EXERCISE INSTRUCTIONS: For the listing below, output exactly the lines from the line with "Domaine Des Gruserelles Holiday home *" up to and including the line with "New 2026 Hyundai", and no other lines.

RECORD SET:
-- Opening Marker --
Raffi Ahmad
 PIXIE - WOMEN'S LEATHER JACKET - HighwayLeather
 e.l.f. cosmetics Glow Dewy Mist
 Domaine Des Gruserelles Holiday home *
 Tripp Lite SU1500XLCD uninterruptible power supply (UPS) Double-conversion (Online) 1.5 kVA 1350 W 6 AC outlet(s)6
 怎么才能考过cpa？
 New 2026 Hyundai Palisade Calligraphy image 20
-- Closing Marker --
-- Opening Marker --
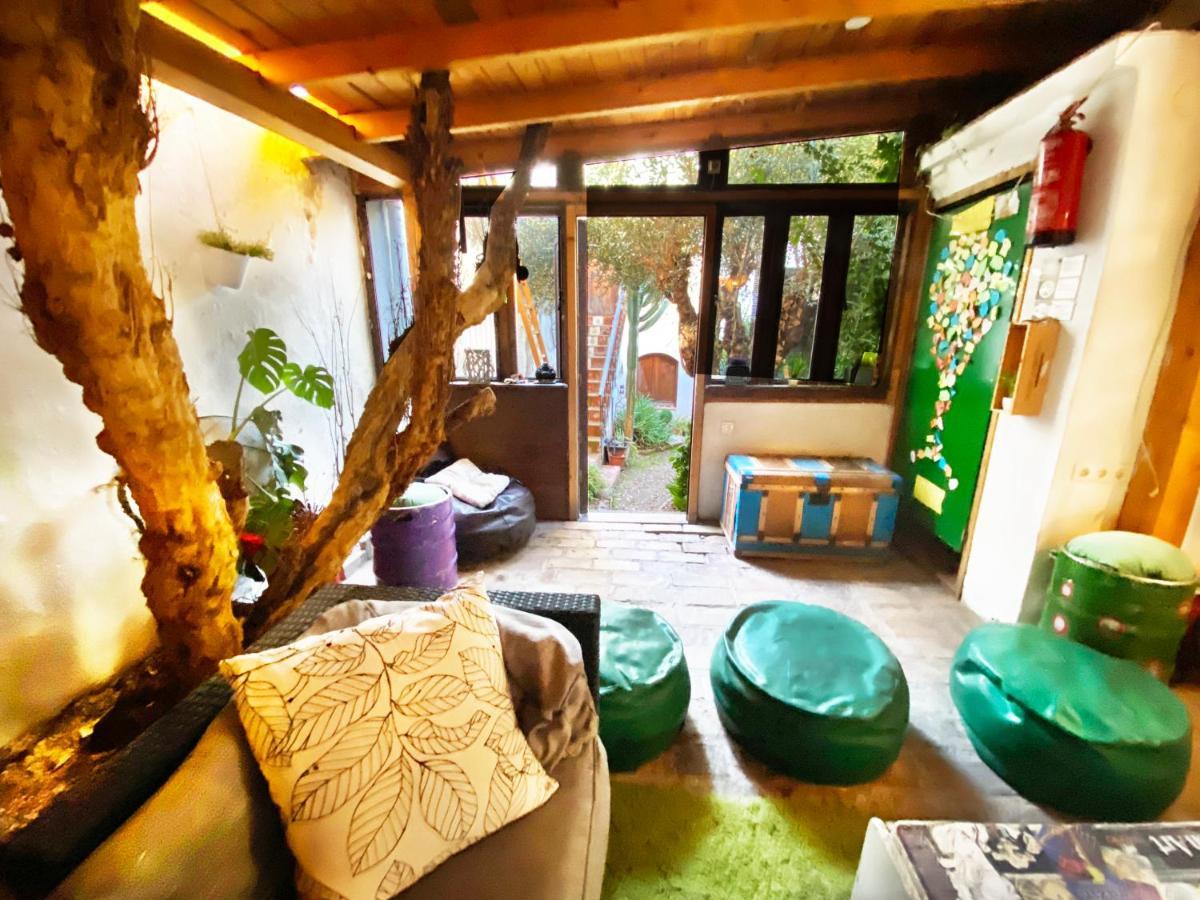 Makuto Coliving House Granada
-- Closing Marker --
EXPECTED OUTPUT:
 Domaine Des Gruserelles Holiday home *
 Tripp Lite SU1500XLCD uninterruptible power supply (UPS) Double-conversion (Online) 1.5 kVA 1350 W 6 AC outlet(s)6
 怎么才能考过cpa？
 New 2026 Hyundai Palisade Calligraphy image 20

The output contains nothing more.